Efficient analytical implementation of the DOT Riemann solver for the de Saint Venant-Exner morphodynamic model

TL;DR

This paper introduces an analytical eigenstructure formulation for the DOT Riemann solver applied to the de Saint Venant-Exner model, significantly improving computational efficiency and stability in morphodynamic simulations.

Contribution

The work develops a new analytical eigenstructure approach for the DOT scheme, reducing computational cost and enhancing stability for the de Saint Venant-Exner model.

Findings

A-DOT is more efficient than original DOT and PRICE-C methods at the same error level.

Analytical eigenstructure improves numerical stability and reduces computation time.

Method performs well in practical case studies with experimental data.

Abstract

Within the framework of the de Saint Venant equations coupled with the Exner equation for morphodynamic evolution, this work presents a new efficient implementation of the Dumbser-Osher-Toro (DOT) scheme for non-conservative problems. The DOT path-conservative scheme is a robust upwind method based on a complete Riemann solver, but it has the drawback of requiring expensive numerical computations. Indeed, to compute the non-linear time evolution in each time step, the DOT scheme requires numerical computation of the flux matrix eigenstructure (the totality of eigenvalues and eigenvectors) several times at each cell edge. In this work, an analytical and compact formulation of the eigenstructure for the de Saint Venant-Exner (dSVE) model is introduced and tested in terms of numerical efficiency and stability. Using the original DOT and PRICE-C (a very efficient FORCE-type method) as reference methods, we present a convergence analysis (error against CPU time) to study the performance of the DOT method with our new analytical implementation of eigenstructure calculations (A-DOT).

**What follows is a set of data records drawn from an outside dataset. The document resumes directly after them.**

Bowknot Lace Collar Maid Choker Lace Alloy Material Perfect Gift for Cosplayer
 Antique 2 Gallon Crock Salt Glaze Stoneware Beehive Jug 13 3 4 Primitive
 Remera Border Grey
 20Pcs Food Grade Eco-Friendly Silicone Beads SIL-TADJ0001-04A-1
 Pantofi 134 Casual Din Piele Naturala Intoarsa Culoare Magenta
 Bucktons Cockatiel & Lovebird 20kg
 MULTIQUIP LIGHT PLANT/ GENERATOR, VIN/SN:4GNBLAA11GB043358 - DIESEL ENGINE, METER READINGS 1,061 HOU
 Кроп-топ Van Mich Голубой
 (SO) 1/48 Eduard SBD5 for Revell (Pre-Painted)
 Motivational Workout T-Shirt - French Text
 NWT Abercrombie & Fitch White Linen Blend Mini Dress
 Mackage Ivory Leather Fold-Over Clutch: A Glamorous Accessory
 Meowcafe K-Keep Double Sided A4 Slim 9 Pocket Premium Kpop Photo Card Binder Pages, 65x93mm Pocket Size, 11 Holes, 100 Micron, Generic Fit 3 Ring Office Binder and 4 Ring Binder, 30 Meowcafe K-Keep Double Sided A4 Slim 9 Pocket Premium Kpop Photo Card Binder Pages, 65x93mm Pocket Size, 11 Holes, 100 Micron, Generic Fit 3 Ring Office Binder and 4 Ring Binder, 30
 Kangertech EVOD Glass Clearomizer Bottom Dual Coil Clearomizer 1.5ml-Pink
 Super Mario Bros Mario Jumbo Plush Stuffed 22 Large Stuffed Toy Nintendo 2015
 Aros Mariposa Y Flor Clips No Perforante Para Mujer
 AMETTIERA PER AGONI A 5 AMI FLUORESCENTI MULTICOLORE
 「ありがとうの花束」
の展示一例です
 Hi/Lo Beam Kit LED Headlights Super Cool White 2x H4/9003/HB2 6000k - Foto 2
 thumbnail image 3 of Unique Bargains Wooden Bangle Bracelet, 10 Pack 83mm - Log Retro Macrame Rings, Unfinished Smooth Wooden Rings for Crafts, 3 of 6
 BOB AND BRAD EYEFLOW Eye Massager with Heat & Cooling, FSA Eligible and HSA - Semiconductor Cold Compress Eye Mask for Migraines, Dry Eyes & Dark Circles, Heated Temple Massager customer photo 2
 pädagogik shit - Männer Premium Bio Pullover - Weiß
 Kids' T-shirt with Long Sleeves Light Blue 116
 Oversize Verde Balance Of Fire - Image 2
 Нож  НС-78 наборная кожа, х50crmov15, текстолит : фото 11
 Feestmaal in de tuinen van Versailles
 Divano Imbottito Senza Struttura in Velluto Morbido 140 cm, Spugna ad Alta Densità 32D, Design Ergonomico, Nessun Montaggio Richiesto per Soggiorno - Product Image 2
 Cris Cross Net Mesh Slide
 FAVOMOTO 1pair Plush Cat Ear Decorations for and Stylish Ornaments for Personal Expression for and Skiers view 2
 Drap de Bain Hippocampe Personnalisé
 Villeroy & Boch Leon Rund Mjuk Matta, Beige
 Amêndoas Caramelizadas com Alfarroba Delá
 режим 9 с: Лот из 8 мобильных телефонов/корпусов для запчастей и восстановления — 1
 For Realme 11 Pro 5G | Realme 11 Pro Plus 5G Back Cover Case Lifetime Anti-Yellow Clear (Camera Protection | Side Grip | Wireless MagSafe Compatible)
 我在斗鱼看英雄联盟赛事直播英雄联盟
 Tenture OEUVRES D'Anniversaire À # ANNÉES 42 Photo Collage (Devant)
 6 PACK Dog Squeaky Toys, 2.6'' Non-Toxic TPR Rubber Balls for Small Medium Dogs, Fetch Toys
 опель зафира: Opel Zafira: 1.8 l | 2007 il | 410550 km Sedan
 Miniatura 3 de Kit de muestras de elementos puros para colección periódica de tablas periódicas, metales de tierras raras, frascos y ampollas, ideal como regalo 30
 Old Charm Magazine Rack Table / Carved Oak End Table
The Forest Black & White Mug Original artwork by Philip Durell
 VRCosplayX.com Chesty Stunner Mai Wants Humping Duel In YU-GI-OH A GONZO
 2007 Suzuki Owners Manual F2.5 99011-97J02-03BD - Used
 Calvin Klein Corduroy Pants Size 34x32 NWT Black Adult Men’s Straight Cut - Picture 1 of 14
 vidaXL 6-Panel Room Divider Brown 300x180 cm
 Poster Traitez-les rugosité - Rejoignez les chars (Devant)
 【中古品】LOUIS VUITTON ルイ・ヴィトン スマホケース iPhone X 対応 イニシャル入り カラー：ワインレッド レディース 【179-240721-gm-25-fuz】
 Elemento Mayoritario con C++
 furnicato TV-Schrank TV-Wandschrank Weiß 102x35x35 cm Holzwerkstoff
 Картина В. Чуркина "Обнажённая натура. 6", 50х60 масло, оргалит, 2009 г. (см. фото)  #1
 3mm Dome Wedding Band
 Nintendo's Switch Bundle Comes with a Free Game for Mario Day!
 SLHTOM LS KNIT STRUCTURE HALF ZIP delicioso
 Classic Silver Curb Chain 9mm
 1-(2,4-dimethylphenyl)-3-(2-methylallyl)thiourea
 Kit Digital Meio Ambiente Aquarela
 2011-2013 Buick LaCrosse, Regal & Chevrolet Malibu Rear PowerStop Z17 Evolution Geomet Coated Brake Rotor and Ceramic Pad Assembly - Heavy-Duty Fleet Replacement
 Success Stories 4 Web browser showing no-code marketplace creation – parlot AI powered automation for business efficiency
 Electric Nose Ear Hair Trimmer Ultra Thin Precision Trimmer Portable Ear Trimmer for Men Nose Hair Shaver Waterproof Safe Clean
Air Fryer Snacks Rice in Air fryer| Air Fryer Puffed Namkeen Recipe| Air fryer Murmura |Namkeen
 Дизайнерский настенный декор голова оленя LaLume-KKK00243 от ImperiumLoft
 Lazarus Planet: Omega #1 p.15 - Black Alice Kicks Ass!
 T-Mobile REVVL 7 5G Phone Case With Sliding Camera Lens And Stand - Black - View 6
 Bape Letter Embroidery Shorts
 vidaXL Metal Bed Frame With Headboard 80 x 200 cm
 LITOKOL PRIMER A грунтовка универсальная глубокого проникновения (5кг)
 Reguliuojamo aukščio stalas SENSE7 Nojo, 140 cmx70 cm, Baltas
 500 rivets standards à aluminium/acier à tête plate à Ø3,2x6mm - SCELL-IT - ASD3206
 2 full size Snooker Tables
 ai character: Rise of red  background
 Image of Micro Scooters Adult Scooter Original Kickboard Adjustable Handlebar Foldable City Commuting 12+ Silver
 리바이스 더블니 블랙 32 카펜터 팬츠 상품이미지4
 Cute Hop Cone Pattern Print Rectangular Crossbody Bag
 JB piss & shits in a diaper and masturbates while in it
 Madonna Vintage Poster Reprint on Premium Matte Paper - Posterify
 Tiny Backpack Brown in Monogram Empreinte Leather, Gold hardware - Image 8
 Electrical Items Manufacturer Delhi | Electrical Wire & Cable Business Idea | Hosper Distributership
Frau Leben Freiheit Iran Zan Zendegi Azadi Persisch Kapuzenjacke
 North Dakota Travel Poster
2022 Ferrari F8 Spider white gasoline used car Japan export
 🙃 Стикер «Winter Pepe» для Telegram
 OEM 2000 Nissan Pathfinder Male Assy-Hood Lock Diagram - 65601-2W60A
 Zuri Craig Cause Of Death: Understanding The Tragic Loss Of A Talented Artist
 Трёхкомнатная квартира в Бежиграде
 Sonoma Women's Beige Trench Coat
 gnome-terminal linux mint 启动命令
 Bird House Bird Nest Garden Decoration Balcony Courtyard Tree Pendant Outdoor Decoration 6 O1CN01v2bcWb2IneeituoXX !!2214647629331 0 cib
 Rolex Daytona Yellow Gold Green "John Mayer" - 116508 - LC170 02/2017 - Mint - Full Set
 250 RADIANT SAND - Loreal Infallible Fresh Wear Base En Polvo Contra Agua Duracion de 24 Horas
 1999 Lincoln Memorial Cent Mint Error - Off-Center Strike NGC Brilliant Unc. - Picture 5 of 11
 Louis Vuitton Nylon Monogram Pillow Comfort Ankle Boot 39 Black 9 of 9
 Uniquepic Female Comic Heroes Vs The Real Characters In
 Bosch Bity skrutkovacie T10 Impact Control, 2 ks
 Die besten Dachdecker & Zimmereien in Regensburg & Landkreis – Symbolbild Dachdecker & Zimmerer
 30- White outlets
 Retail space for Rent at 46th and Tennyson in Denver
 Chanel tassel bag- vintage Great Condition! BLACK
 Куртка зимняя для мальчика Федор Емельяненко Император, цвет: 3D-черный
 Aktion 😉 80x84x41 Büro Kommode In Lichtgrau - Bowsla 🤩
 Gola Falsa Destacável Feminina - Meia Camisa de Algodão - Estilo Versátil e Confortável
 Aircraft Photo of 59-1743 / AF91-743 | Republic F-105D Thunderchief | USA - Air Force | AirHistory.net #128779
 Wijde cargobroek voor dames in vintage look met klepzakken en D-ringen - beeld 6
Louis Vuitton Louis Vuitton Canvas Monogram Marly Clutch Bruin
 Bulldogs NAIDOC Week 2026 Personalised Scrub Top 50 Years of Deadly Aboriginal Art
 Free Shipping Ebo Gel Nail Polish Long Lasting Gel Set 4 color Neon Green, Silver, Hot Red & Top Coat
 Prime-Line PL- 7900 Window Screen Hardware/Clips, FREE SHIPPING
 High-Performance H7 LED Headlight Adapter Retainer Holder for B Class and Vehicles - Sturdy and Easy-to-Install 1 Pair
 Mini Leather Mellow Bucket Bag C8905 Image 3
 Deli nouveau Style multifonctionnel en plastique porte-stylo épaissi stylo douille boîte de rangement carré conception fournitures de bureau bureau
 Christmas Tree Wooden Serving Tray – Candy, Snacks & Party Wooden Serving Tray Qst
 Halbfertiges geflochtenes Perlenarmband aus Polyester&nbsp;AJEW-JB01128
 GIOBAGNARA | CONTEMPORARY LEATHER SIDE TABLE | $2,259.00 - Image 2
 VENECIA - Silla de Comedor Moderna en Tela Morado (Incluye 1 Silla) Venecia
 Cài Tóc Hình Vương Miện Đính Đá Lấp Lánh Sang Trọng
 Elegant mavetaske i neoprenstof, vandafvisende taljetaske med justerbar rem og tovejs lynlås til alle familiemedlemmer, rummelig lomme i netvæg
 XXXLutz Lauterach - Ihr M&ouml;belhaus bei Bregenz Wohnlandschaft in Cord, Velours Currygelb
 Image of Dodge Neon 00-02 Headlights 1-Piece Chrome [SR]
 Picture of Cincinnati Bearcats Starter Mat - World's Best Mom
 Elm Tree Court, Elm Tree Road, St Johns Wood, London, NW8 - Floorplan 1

In particular, the numerical performance of the three methods is tested in three test cases: a movable bed Riemann problem with an analytical solution; a problem with smooth analytical solution; a test in which the water flow is characterised by subcritical and supercritical regions. For a given target error, the A-DOT method is always the most efficient choice. Finally, two experimental data sets and different transport formulae are considered to test the A-DOT model in more practical case studies.